● Material for the task
Start of Block

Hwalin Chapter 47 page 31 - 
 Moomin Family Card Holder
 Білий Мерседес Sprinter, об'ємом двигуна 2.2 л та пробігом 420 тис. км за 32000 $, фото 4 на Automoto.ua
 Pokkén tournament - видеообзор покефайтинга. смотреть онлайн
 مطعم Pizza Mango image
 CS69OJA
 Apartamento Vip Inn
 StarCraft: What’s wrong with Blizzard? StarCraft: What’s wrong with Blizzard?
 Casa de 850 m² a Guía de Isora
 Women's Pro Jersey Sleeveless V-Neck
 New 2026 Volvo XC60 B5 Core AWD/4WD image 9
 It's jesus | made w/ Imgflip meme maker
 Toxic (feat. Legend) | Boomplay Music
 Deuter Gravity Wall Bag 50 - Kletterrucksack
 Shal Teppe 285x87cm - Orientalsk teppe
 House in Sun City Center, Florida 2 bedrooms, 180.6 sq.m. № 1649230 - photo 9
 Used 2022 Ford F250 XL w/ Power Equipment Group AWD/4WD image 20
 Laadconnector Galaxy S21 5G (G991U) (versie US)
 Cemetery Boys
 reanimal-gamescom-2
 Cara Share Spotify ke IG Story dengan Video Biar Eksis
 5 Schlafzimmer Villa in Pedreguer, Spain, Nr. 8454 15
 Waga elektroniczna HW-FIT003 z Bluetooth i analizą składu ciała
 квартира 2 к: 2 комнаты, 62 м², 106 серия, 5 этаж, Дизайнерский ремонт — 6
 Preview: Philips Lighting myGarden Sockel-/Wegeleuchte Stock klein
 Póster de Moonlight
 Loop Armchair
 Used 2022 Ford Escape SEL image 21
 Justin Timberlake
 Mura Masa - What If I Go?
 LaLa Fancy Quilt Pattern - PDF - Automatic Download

End of Block

● Assignment
Precisely reproduce the lines of the entries, beginning at the first and ending at the one containing "5 Schlafzimmer Villa". Add nothing.

● Solution below
Hwalin Chapter 47 page 31 - 
 Moomin Family Card Holder
 Білий Мерседес Sprinter, об'ємом двигуна 2.2 л та пробігом 420 тис. км за 32000 $, фото 4 на Automoto.ua
 Pokkén tournament - видеообзор покефайтинга. смотреть онлайн
 مطعم Pizza Mango image
 CS69OJA
 Apartamento Vip Inn
 StarCraft: What’s wrong with Blizzard? StarCraft: What’s wrong with Blizzard?
 Casa de 850 m² a Guía de Isora
 Women's Pro Jersey Sleeveless V-Neck
 New 2026 Volvo XC60 B5 Core AWD/4WD image 9
 It's jesus | made w/ Imgflip meme maker
 Toxic (feat. Legend) | Boomplay Music
 Deuter Gravity Wall Bag 50 - Kletterrucksack
 Shal Teppe 285x87cm - Orientalsk teppe
 House in Sun City Center, Florida 2 bedrooms, 180.6 sq.m. № 1649230 - photo 9
 Used 2022 Ford F250 XL w/ Power Equipment Group AWD/4WD image 20
 Laadconnector Galaxy S21 5G (G991U) (versie US)
 Cemetery Boys
 reanimal-gamescom-2
 Cara Share Spotify ke IG Story dengan Video Biar Eksis
 5 Schlafzimmer Villa in Pedreguer, Spain, Nr. 8454 15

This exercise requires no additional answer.